How to accurately forecast a software team's performance

Touched off by a my recent article What is my software team's capacity, I thought I'd briefly share how I do probabilistic forecasting for software teams.

Throughput and Variance

Ok, the two biggest numbers to know are the team's throughput, which is the rate at which they complete work, and the variation within that.

Have a list of the throughput over the last few sprints or whatever increment you operate in.

I'd tell you to go ahead and eliminate the variation, but that's a little outside of the scope of this article.

Breakdown Rate

The next thing you need to measure is how the team tends to break work down. Every team does this a little differently, but each team tends to do this very consistently. You just need to observe or go back through the tracking tool of choice.

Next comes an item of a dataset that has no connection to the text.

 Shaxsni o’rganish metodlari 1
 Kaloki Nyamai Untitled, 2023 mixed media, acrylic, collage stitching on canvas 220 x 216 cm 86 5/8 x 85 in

What you want to see is something like:

A note here is that just because an 8 point story turns into 5 things, a 5 point story will not have the same relationship.

Completion Point

Know what is funny? How everyone is sure there is too much work, but nobody knows where the finish line actually is.

Find it.

For most teams, there is an infinite backlog in some sort of condition. Find out where the last essential item is, and then count how far down it is. You're going to model the team executing on all the items between now and that completion point.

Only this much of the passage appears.